1º - A ponte faz parte do sistema viário de onde? Uma ligação rodoviária não pode competir com uma ferrovia como a Fiol na exportação de minérios e grãos do oeste, mesmo porque o porto de Salvador não opera graneis. Não serve também ao litoral sul, quando está sendo construído o Porto Sul e um novo aeroporto em Ilhéus. Atrações como Itacaré e Barra Grande são mais acessíveis por Ilhéus.

2º - A ponte substituirá a hidrovia? – Os moradores de Niterói sabem que é melhor pegar a barca e saltar no centro do Rio que enfrentar filas, engarrafamentos e pedágio e não poder estacionar no Rio. Os ferries vão continuar transformados em barcas de passageiros.

3º - A ponte será um escape ou ladrão para Salvador? Quem atrai mais: Salvador ou Nazaré? A ponte irá apenas congestionar Salvador e a Estrada do Côco trazendo os veículos da BR-101 e BR-116 para o litoral norte onde estão o aeroporto, praias, Copec, Ford e acesso ao Nordeste. Quem perde com isso é S. Antonio de Jesus, Salvador e Feira de Santana. A ponte irá ainda duplicar a RMS aumentando sua função de dormitório e prestador de serviços de educação, saúde, abastecimento e lazer para trabalhadores que enriquecem outros municípios. A solução tem que ser ferroviária, pois a ponte será tão engarrafada quanto a Paralela.

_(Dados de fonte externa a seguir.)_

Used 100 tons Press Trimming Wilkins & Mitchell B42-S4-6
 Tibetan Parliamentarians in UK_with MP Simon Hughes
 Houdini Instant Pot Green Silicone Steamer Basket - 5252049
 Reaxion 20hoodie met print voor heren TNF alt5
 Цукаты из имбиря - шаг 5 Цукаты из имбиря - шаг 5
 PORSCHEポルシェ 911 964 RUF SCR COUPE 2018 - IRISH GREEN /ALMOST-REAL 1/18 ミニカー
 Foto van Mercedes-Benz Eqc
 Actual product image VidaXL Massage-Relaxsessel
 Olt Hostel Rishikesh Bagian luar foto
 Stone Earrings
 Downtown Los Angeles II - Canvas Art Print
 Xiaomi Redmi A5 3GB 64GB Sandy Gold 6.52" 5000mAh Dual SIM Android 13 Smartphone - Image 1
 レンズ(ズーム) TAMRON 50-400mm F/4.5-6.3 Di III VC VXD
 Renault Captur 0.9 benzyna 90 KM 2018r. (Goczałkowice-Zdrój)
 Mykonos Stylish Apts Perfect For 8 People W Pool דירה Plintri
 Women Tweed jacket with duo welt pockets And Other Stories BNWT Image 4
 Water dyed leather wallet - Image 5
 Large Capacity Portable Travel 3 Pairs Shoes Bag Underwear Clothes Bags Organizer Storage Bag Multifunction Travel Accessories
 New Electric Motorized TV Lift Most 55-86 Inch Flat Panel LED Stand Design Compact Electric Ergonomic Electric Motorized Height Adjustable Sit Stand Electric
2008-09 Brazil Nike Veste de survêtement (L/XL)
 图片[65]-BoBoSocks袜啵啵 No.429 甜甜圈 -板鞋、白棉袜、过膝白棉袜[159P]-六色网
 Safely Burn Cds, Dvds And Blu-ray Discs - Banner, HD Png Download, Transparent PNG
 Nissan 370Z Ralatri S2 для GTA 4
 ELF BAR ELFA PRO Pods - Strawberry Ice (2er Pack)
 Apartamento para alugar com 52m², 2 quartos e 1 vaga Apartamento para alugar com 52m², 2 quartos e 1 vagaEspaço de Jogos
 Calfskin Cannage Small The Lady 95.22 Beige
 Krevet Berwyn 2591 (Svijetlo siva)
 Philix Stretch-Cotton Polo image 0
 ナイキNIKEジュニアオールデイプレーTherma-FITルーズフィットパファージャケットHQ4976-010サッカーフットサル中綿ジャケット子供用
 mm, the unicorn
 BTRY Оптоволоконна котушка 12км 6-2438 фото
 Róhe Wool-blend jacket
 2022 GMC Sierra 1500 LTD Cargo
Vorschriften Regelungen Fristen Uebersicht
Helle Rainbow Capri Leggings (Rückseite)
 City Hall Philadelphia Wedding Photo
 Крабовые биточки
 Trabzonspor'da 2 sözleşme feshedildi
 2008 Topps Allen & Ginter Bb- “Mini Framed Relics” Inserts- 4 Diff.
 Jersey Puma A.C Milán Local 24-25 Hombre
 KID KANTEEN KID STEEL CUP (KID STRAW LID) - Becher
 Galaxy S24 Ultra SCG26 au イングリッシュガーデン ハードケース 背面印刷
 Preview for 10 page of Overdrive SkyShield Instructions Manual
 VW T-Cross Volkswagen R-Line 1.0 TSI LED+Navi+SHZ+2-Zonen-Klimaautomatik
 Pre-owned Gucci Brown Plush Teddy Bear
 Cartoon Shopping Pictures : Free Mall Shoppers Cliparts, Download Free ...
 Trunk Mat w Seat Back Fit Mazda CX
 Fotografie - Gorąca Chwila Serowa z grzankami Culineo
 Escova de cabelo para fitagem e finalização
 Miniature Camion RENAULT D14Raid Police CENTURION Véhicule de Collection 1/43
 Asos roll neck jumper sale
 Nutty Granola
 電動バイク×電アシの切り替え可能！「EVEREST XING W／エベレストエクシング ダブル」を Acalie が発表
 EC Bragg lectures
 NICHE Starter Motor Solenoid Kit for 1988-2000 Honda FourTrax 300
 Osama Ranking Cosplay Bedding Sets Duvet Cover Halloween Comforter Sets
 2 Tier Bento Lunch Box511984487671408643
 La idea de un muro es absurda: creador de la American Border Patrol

4º - Itaparica será uma expansão de Salvador? A classe média quer centralidade, ficar junto do emprego, dos colégios e universidades, dos hospitais, do teatro e dos cinemas. Também não tem lógica criar conjuntos habitacionais para operários que irão trabalhar em Candeias, Simões Filho e Camaçari, sujeitos a esperar horas para a passagem de plataformas de petróleo e guindastes. A Ilha será apenas um acampamento rodoviário como São Gonçalo junto a Niterói.

5º - A ponte beneficiará a RMS e o Recôncavo? Saltando de Salvador para Jaguaripe a ponte irá marginalizar ainda mais o Recôncavo com seu enorme potencial turístico e náutico. A baía também perde com um gargalo na sua boca dificultando o acesso a seus quatro portos internos: Aratu, Temadre, Regaseificação e Estaleiros de S. Roque.

6º - Qual a importância econômica da ponte? Se não serve ao oeste. ao sul ou a RMS o que ganha o estado com esta ponte rodo-eleitoral? Não sabemos responder. Mas “Pergunte ao José”, saudoso programa radiofônico baiano.

7º - Quanto pagaremos pela ponte? Todos sabem que uma ponte não se paga pelo pedágio. A solução apontada de leilões de CEPACs não está funcionando nem no Porto Maravilha, no centro do Rio. Sem esquema financeiro assegurado, ela será iniciada e parada e as empreiteiras irão receber durante anos por terem seu contrato suspenso como aconteceu com o metrô perna-de-pau de Salvador. Mesmo que a União banque uma parte, teremos que pagar uma divida monstruosa, o equivalente a quatro superportos tipo Mariel em Cuba, ou três refinarias de Pasadena, ou ainda as doze arenas da Copa, enquanto o sertanejo, a lavoura e o gado morrem de sede no semiárido. 

8º Não haveria uma alternativa mais interessante? Sim, seria a construção da Envolvente Rodo-Ferroviária de Kerimorê ou BTS, ligada ao novo porto de Salinas da Margarida, projeto que custaria um terço da ponte e teria efeitos socioeconômicos e culturais muito maiores. Ela alavancaria o desenvolvimento do Estado e da RMS e integraria todo o Recôncavo com um trem rápido metropolitano fazendo a ligação Salvador-Feira com variante para São Roque/Itaparica. E ainda reduziria para um terço o acesso de carros para a ilha e criaria milhares de empregos perenes.

P.S. - Não confundir “Pergunte ao José” do mestre Cid Teixeira com “José”, poema de Carlos Drummond de Andrade.